Et puis il y a « New York », dont les lignes de guitare complexes et brillantes fournissent l’accompagnement idéal aux paroles touchantes de Steiner – avec son vers clé, « Anywhere with you could be New York » [N’importe où avec toi pourrait être New York] – qui parlent de retrouver les plaisirs offerts par son entourage immédiat. C’est une illustration poignante du pouvoir de transformation de l’imagination de BOY, mais aussi des liens forts qui unissent Steiner et Glass. Ensemble, en dépit de leurs réussites et de leurs aventures, les deux femmes sont encore liées au monde qui les a inspirées à l’origine, ce qui leur permet de rester en contact avec les petites choses qui nous émeuvent tous et qu’elles ont toujours très bien su identifier et exprimer. Même le fait de partir en tournée, plaisante Glass, c’est comme « un grand truc de vacances. On joue toujours avec les mêmes musiciens, ils font partie de nos meilleurs amis et en plus l’équipe qui nous entoure n’a pas changé, elle non plus ».

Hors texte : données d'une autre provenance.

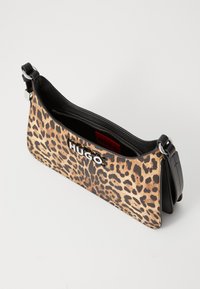 Borsa a tracolla in stampa leopardata con una cinghia in pelle nera, chiusura con zip e logo "HUGO" in bianco sul davanti. Superficie testurizzata e silhouette elegante.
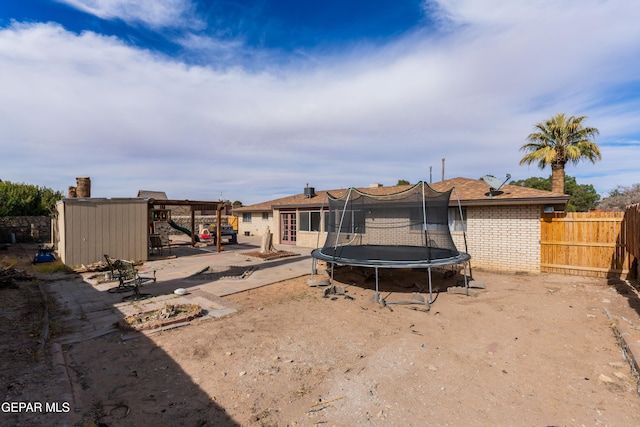 back of property featuring a trampoline, an outbuilding, brick siding, a patio area, and fence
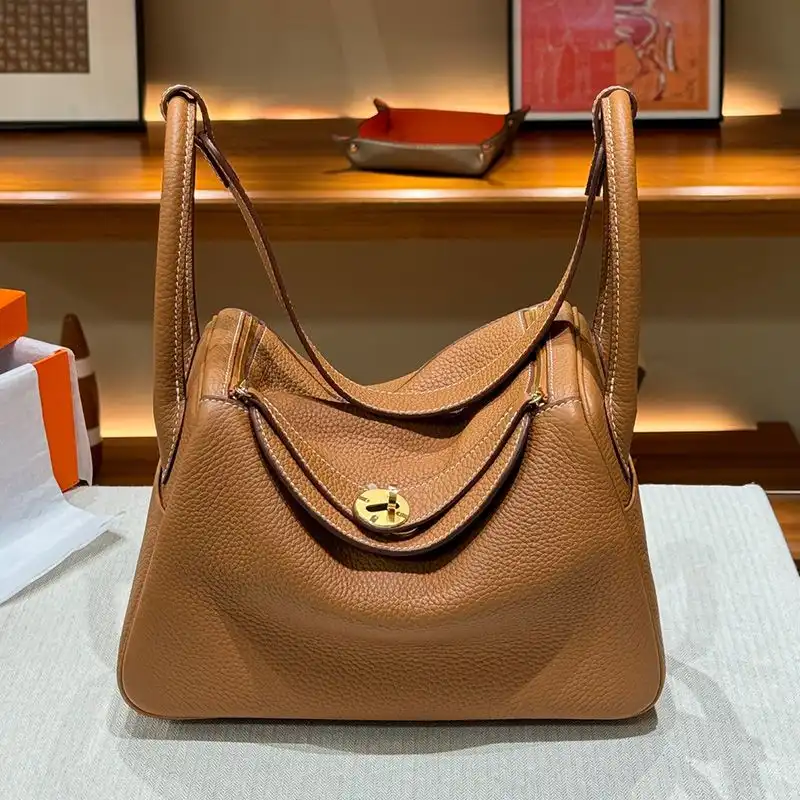 Hermes Lindy Bag Clemence Leather Gold Hardware In Brown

Ainsi, non seulement WE WERE HERE confirme la réputation acquise par BOY avec Mutual Friends, mais il souligne encore plus le don précieux du groupe pour l’écriture de chansons intimement détaillées qui parlent aux hommes et aux femmes, des hommes et des femmes, des moments singuliers et pourtant universels de nos vies. Exactement comme la chanson qui donne son nom à l’album parle des merveilles que l’existence peut nous offrir, et à quel point le fait de chérir certains souvenirs peut maintenir le passé en vie. Tout ceci s’applique bien sûr aux deux musiciennes de BOY elles-mêmes, et aux chansons qu’elles écrivent. Et si elles sont évidemment trop humbles pour le dire elles-mêmes, elles reconnaissent néanmoins, comme le chante Steiner, que « Our echoes resonate » [Nos échos résonnent].